Data block Block Start

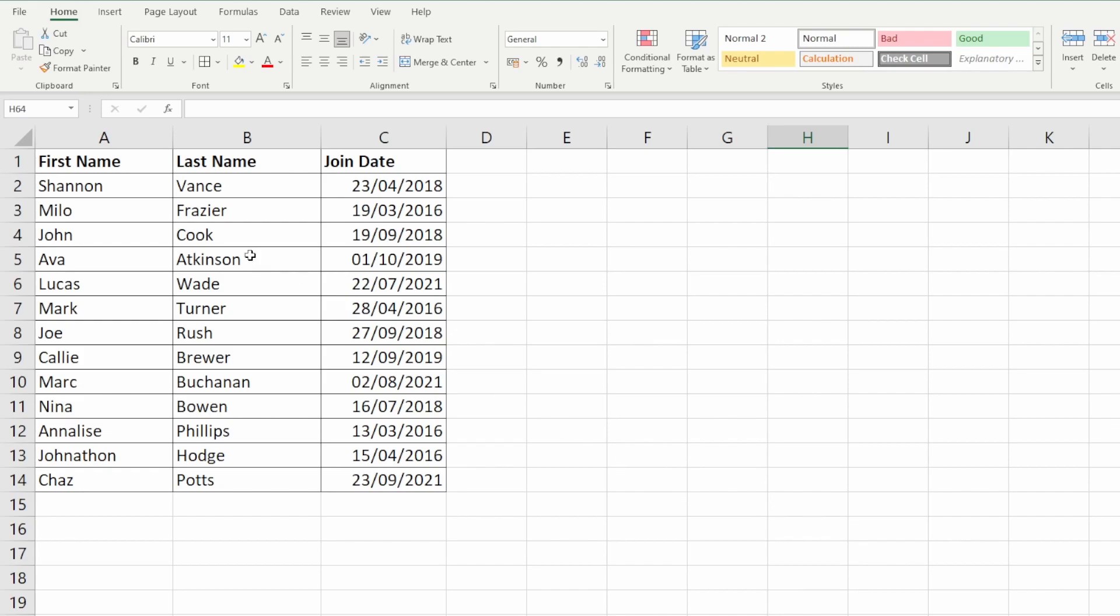We've got a list of names here which are employees of a company and the join date is when they joined the business. Let's say in column C what I actually want is a column of information with the department that those employees are in.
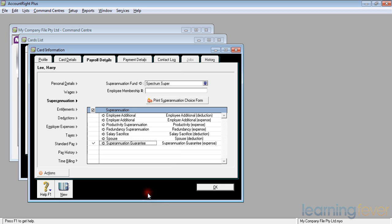If I click OK, it will take me back to the superannuation screen. Some people require an amount to be taken out of their wages, such as employee additional. For example, people on a low wage are entitled to a superannuation co-contribution.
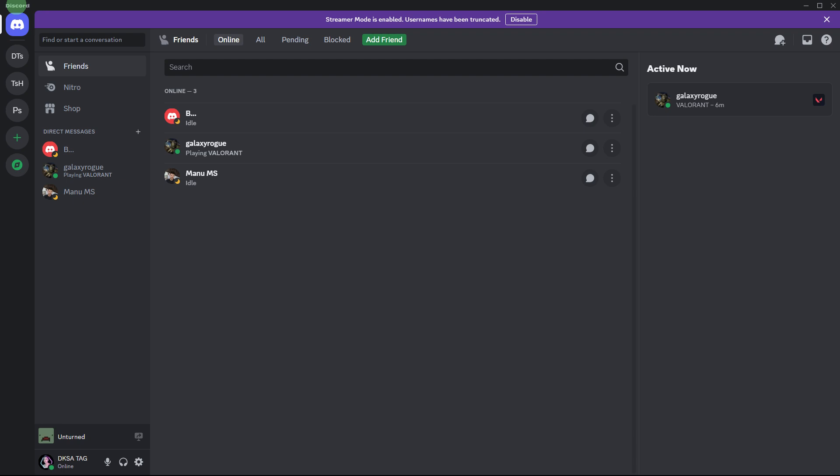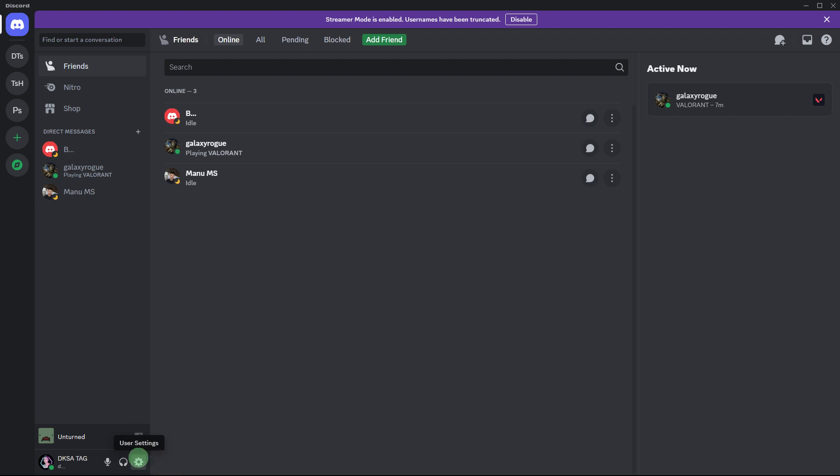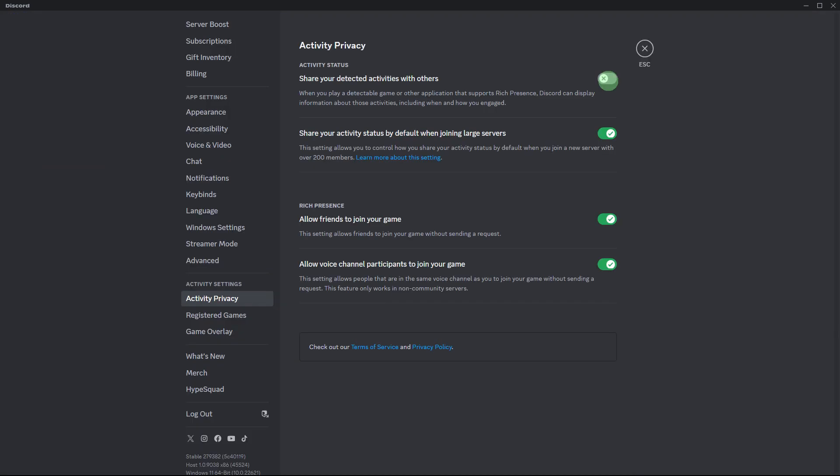To disable Discord notifications while you're playing a game, you can follow these steps. Firstly, launch the Discord app on your computer. Click on the gear icon located at the bottom left corner of the Discord window. This will open user settings.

Data block Block End

Work to complete. The answer should be the complete listing, set down exactly, without pictures.

Task solution.
We've got a list of names here which are employees of a company and the join date is when they joined the business. Let's say in column C what I actually want is a column of information with the department that those employees are in.
If I click OK, it will take me back to the superannuation screen. Some people require an amount to be taken out of their wages, such as employee additional. For example, people on a low wage are entitled to a superannuation co-contribution.
To disable Discord notifications while you're playing a game, you can follow these steps. Firstly, launch the Discord app on your computer. Click on the gear icon located at the bottom left corner of the Discord window. This will open user settings.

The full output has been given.